# Point and Shoot in 8k



## varuog (Aug 21, 2011)

Hi friends,

I am looking for a point and shoot in and around the 8k range.
Since this will be my first camera, I am not very sure of the specs I want.

An all round performer will do as I will use the camera for mainly daily life shooting.
I hardly record videos so don't want to put much stress on that feature.

After some browsing and my friends' suggestions I found 2 good options :
1. Sony CyberShot DSC W570
2. Nikon CoolPix S3100

Please advice me which of the two is a better buy and if there are any other models that I should consider.

P.S: I'd prefer something from Nikon.

Thanks in advance.


----------



## sujoyp (Aug 21, 2011)

@OP I think nikon S3100 is very good and have almost all features...it got good reviews


----------



## varuog (Aug 21, 2011)

Thanks sujoyp.

Is there any other (better) Nikon model around the 8-9k range which I can consider?

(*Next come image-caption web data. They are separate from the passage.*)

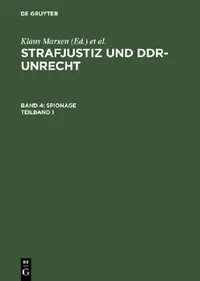 Buy Spionage: 4 by Klaus Marxen | de Gruyter German Language Law Textbook | Reprint 2012 Edition Paperback — BookShops.in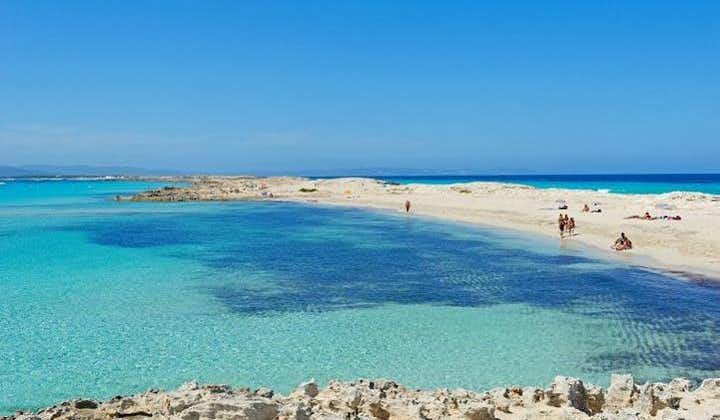Excursión privada en catamarán Ses Illetes Beach Formentera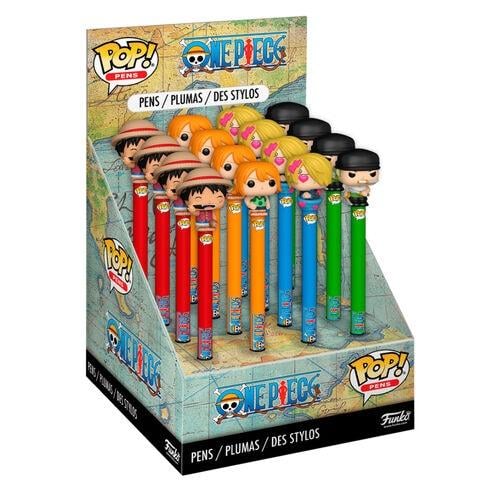 ONE PIECE - Pen Toppers Display Funko POP (Box 16 Pcs) Funko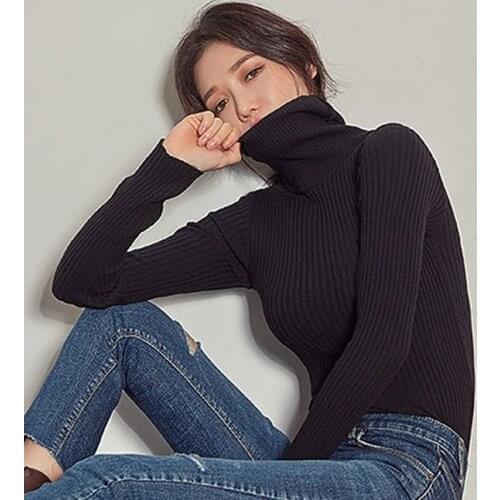 Turtleneck Women Cashmere Sweater Women Winter Sweaters Ladies Warm Winter Woman Sweater Knitting Pullovers Female Sweater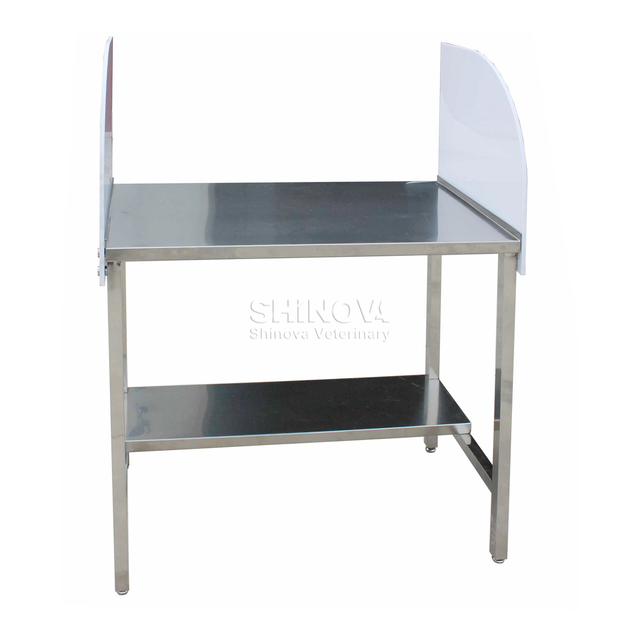Meja Infus Dayung Akrilik Stainless Steel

Also, (although I am a little inclined towards Nikon) I am open for suggestions from other brands as long as I am getting a better deal..

please suggest..


----------



## sujoyp (Aug 21, 2011)

Check Canon IXUS 115 HS Point & Shoot but it cost around 9k...better then nikon S3100


----------



## varuog (Aug 21, 2011)

Is there any good sub 8k priced model which uses AA battery ?


----------



## d6bmg (Aug 21, 2011)

Canon IXUS 115 HS

Canon is better than Nikon in p&s category.


----------



## MetalheadGautham (Aug 22, 2011)

See if you can get a canon that supports CHDK. This is an aftermarket firmware that boots off the memory card which makes performing more complex tasks with your P&S like manually adjusting exact ISO/shutter, time-lapse photography, etc possible.


----------